Walter Isaacson: Steve Jobs swore to “destroy Android”

According to Walter Isaacson's book titled `Steve Jobs' - a biography which is scheduled for release on Monday -, an enraged Jobs had, in January last year, lashed out at the Google Android operating system , which he swore he would "destroy."

Isaacson mentions in his book that Jobs was infuriated when the first Android handset was unveiled by the Taiwanese company HTC in early 2010 because the handset boasted most of the well-liked features of the Apple iPhone.

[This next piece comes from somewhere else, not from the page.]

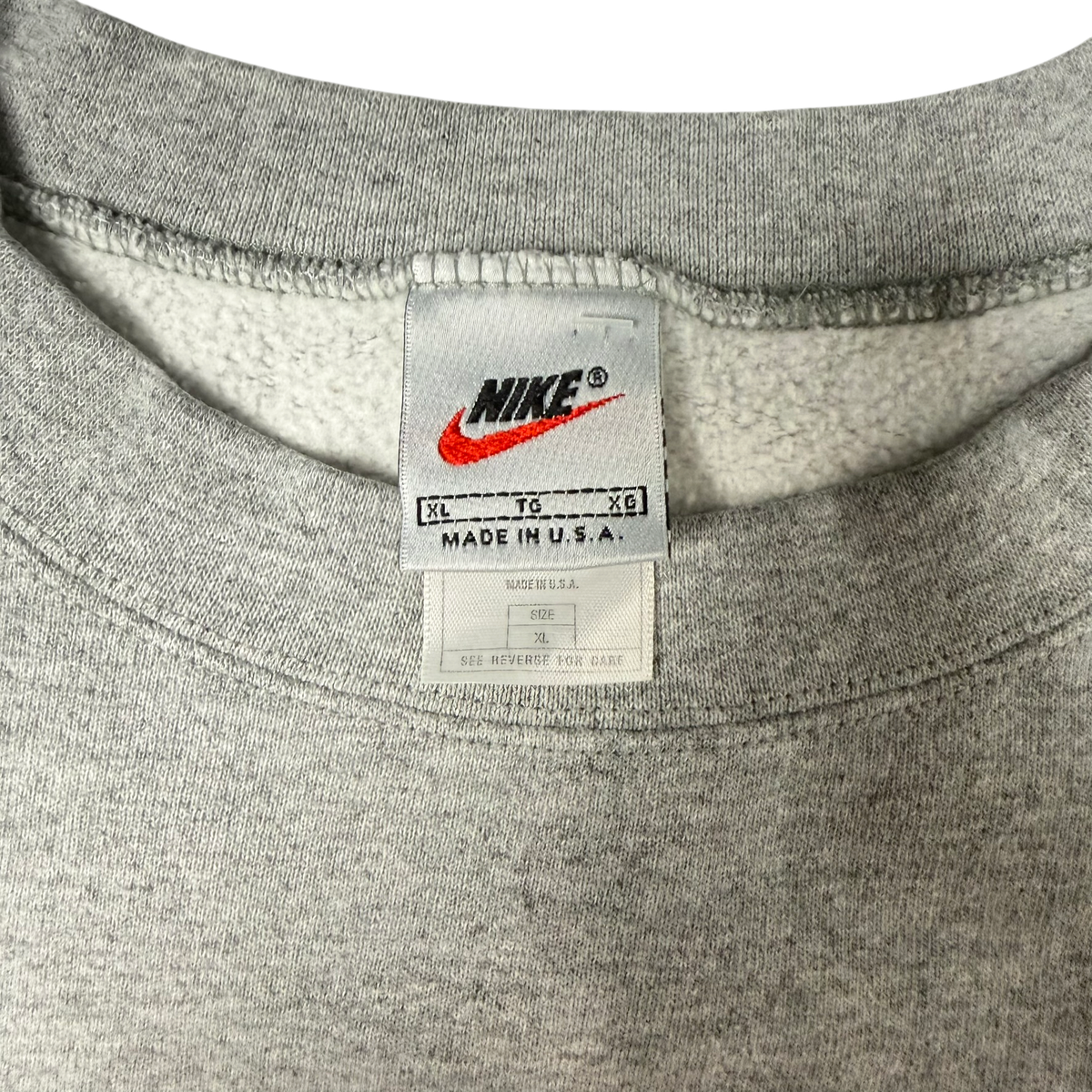 Vintage Nike Dallas Cowboys Gray Crewneck Sweatshirt - 2XL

Jobs felt that the HTC's Android phone marked an outright replication of Apple's ideas, and, in his outburst, he said that Google's actions could clearly be termed as a "grand theft."

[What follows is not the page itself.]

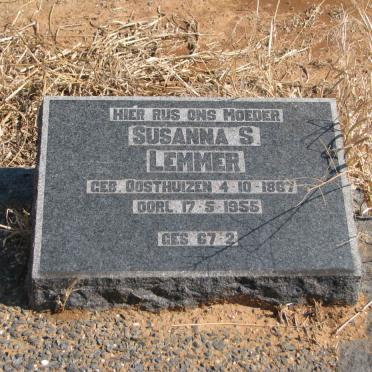 LEMMER Susanna S. 1867-1955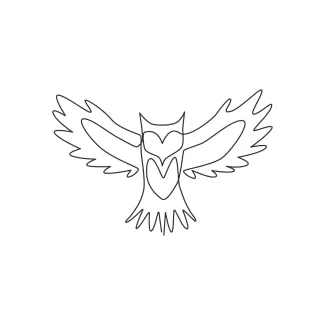 Owl "One Line Owl Drawing: A Minimalist Approach to Capturing Quiet Strength"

With Google also managing to negotiate a deal for equipping the Android handsets with search, maps and its YouTube video service, Jobs told Google's then CEO - and now chairman - Eric Schmidt during their meeting in a cafe in Palo Alto, California, to stop using Apple's ideas in the Android OS.

Isaacson has revealed that so livid was Jobs about the copying of Apple's ideas in Android smartphones that he had told him that he would, till his "last dying breath," go all out to "right this wrong"; even if it amounted to spending the entire $40million amount which Apple then had in the bank.

Going by Isaacson's account in the book, Jobs had said: "I'm going to destroy Android, because it's a stolen product. I'm willing to go thermonuclear war on this."